Your daily dose of anti-gnosticism!

Your daily dose of anti-gnosticism!

 

Look how delicate and lovely my metatarsals and phlanges are!

If you’re anywhere near a Bodies exhibit, I really recommend a trip.  First of all, it’s not gross at all (and this is coming from someone who covers her eyes when watching House).  I was really overwhelmed by the beauty of human anatomy each time I went, and I felt a surge of that awe again when I got to peer inside my foot on Friday.

Of course, we’re not in wacky old antiquity, where they took routine fluoroscopes at the shoe store.  These are diagnostic x-rays, and it turns out I’ve broken my littlest toe at Aikido class.

So, if people want to give me a little crowdsourcing help, I’ve been trying to become stronger by alternating between the 200 squats and 100 push-ups apps, but both are nixed during the six week recovery period.  I definitely recommend these.  I followed the 200 sit-ups one to completion, and do 200 situps before bed and when I wake up now.  And when I started the push-up app, I couldn’t do one push-up.  I followed the program doing push-ups off a table until I was strong enough to start over doing kneeling push-ups, and, after about three weeks of that, I was able to restart doing actual push-ups.

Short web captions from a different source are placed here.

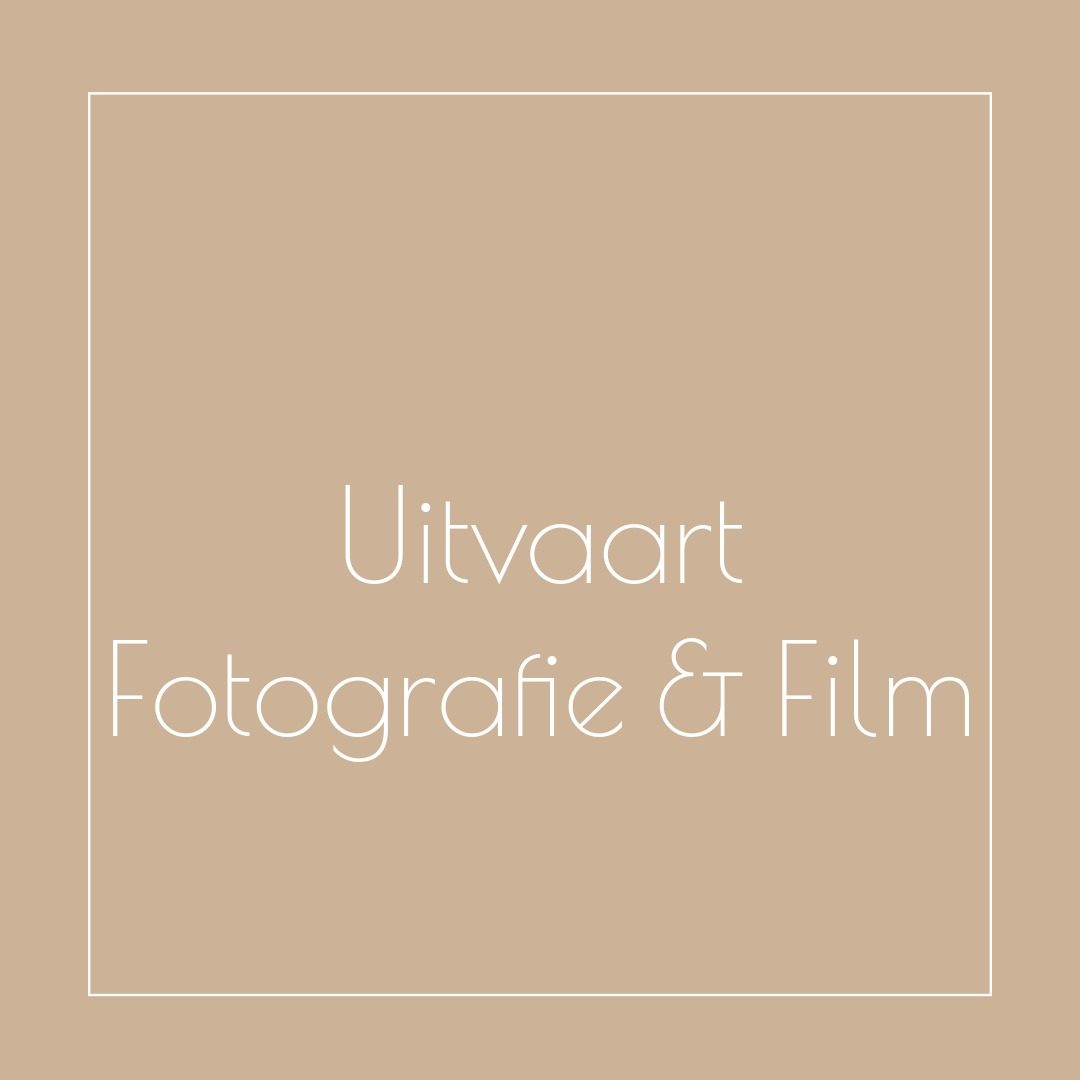Uitvaart fotografie en film speeches Eindhoven uitvaart fotografie en film speeches Eindhoven
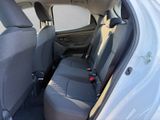 TOYOTA Yaris Comfort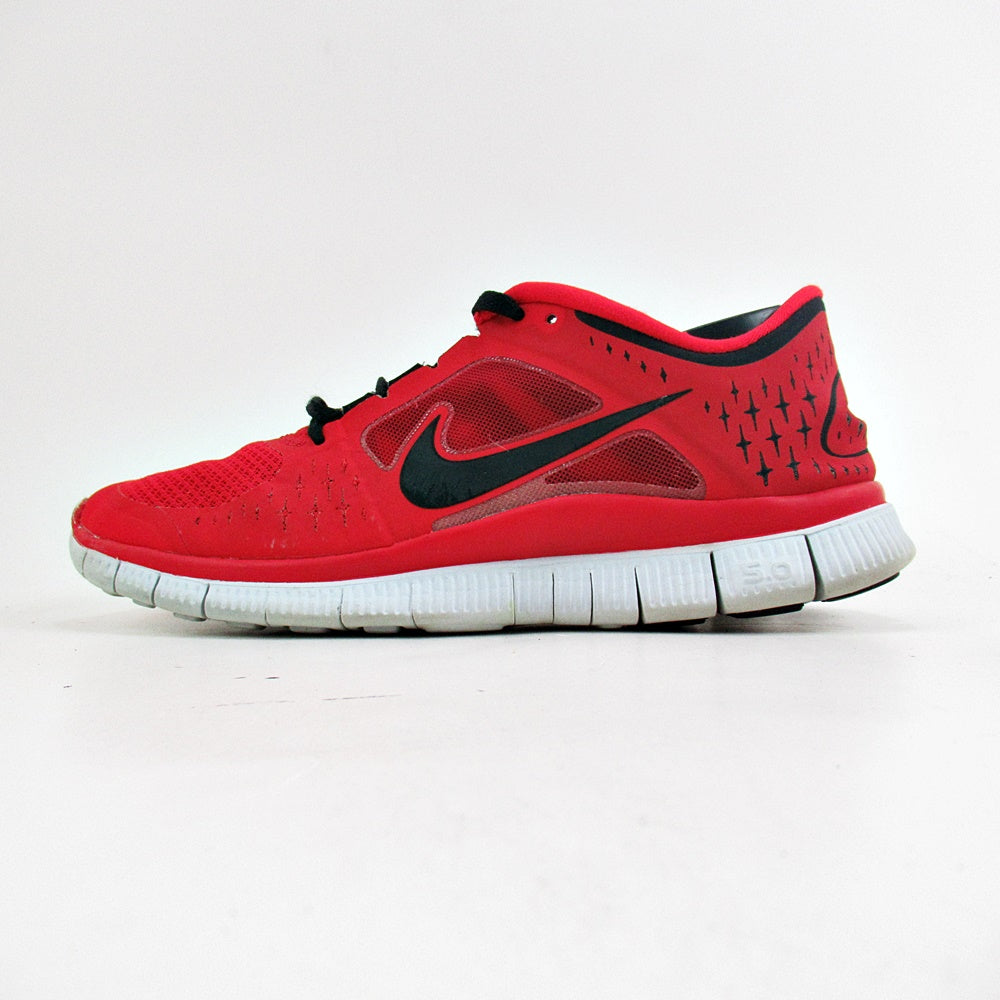 NIKE Free Run 3 - Khazanay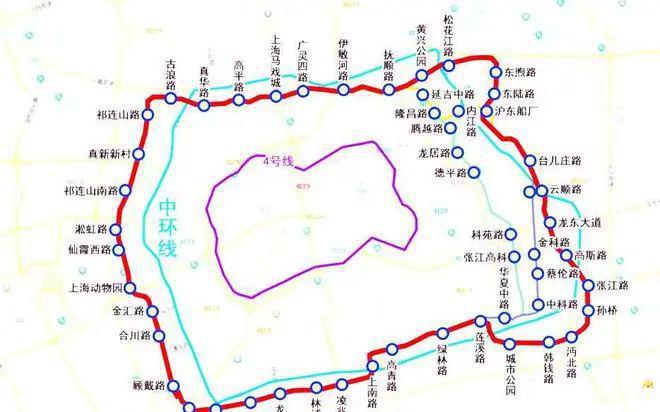 建发海阅首府售楼处电线小时官方网站 上海房天下(图25)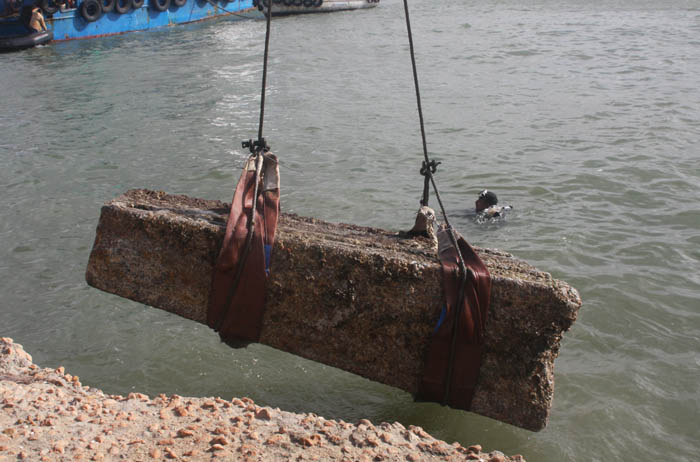 (Jennifer Willoughby)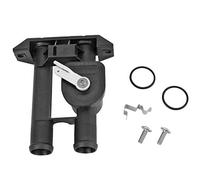 Valvola di controllo del ventilatore DT Spare Parts 6.73050
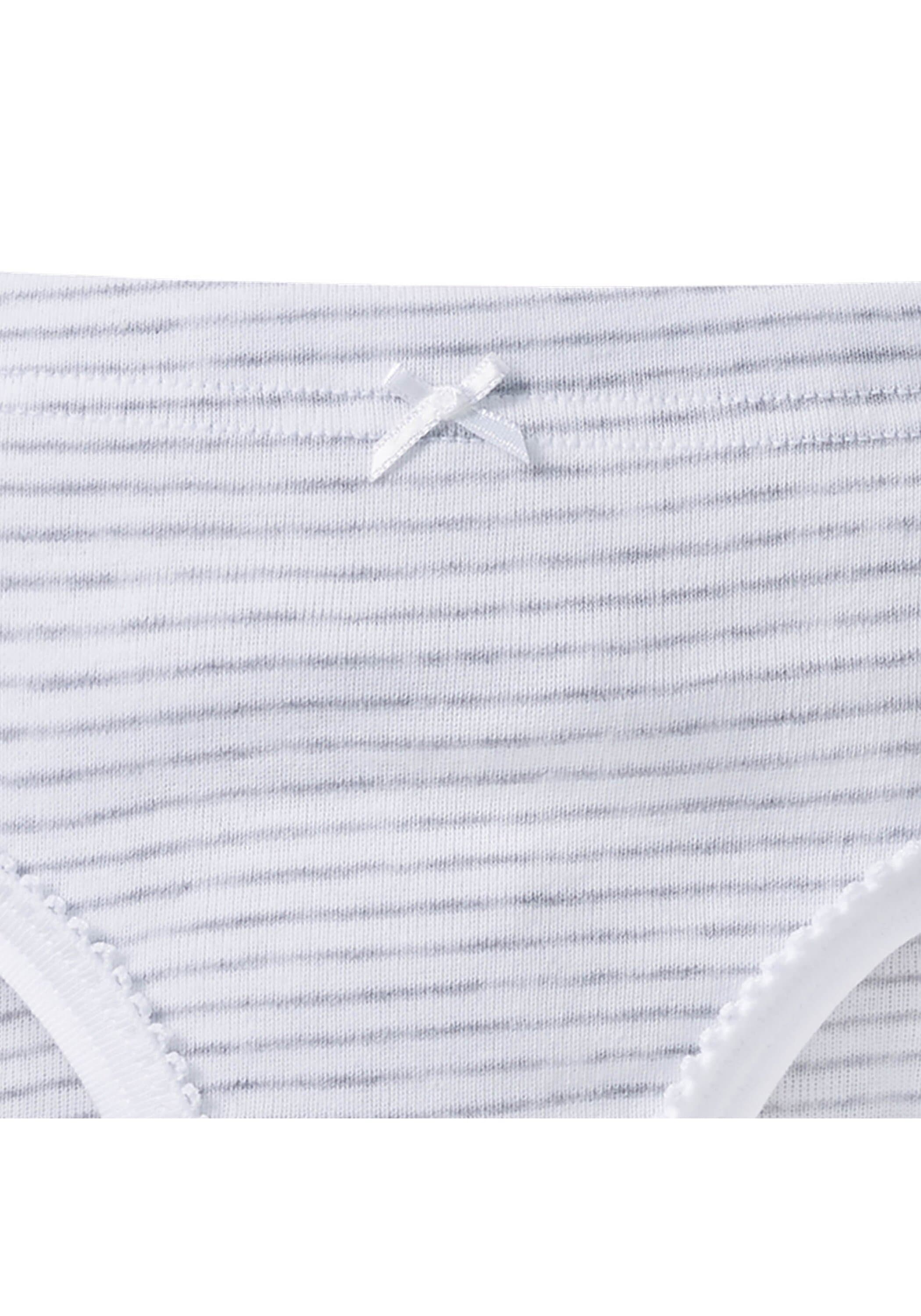 Schiesser Slip »Slip 1er Pack«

While all those exercises are kiboshed, can people recommend any upper body exercises that won’t involve putting any pressure on my foot?  Bonus points if I can outsource deciding what to do to a schedule, like I do with the apps or if there’s an easy way to gamify them.  I have access to a gym with weights and machines and stuff, but I’d like to have some stretches and/or exercises I can do at home, so there’s a low barrier to actually exercising.